If you have a lot of debt, there are two very common solutions. Obviously a debt consolidation loan would be one solution. You go to the bank and borrow one large amount to pay off all of your smaller debts. A debt consolidation loan makes sense if you can borrow at a lower interest rate than what you are currently paying on the credit cards you want to consolidate.


But what happens if you don't qualify for a credit card debt consolidation loan?

There are many reasons why you may not be able to get a debt consolidation loan, including insufficient income or no collateral to pledge as security for your loan.

In fact, you may be denied a debt consolidation loan simply because you have less than one year at your current job, or because you have only lived at your current address for a short period of time.

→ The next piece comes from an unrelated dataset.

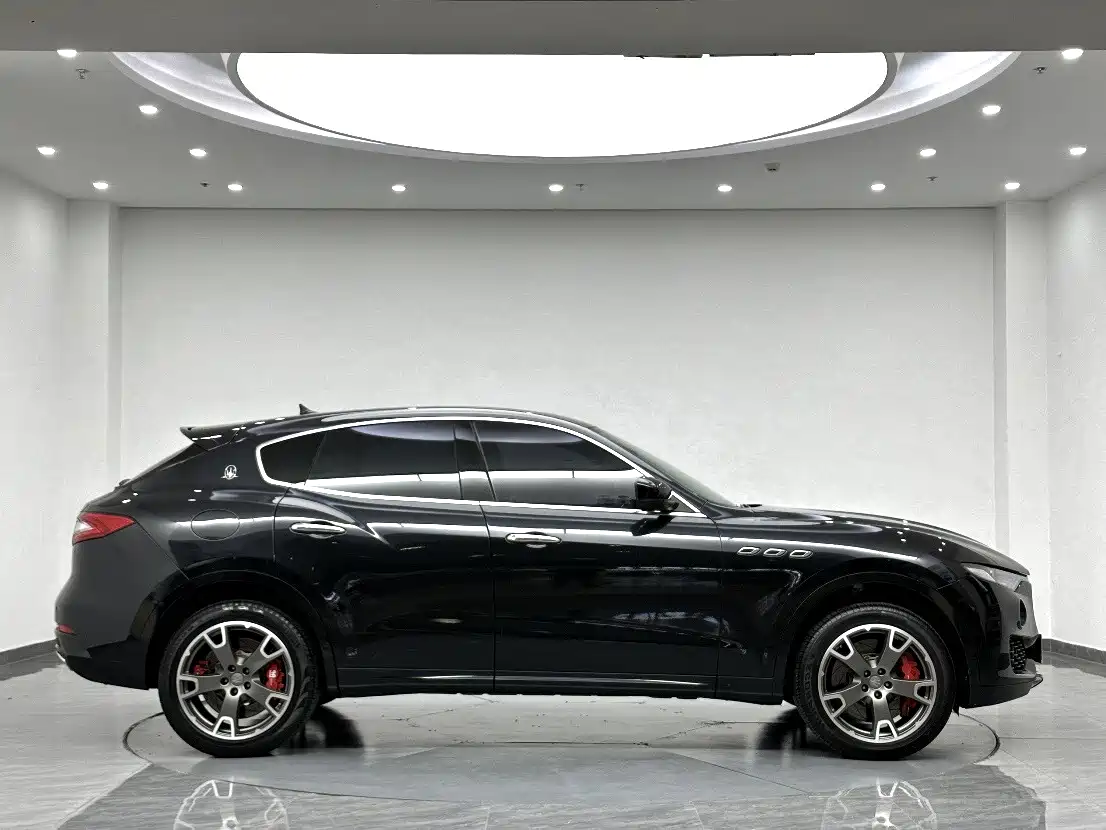 Photo 4 - Maserati Levante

If my credit is not good enough to get a debt consolidation loan, can I try credit counseling?

Yes, even if you have bad credit, you may be a candidate for credit counseling.

Consumer credit counseling typically involves a credit counselor contacting your creditors to work out a repayment plan on your behalf. These plans, called a debt management program or a debt management planare a great way to make a deal with your creditors.

To get a debt consolidation loan the bank must approve your credit. In credit counseling, each individual creditor approves your debt management plan.

The best part is that they don't worry about your credit score, or your work history, or many of the other factors that go into the typical credit decision. In credit counseling, the creditors will almost always accept your proposal, because they know that if they don't, it is possible that you will not be able to pay them, and you will be forced to declare bankruptcy.

Credit counseling is not the solution for everyone. If your creditors accept your credit counseling proposal, there will be a note on your credit report indicating that you made a deal with your creditors. That note may make it more difficult for you to borrow in the future.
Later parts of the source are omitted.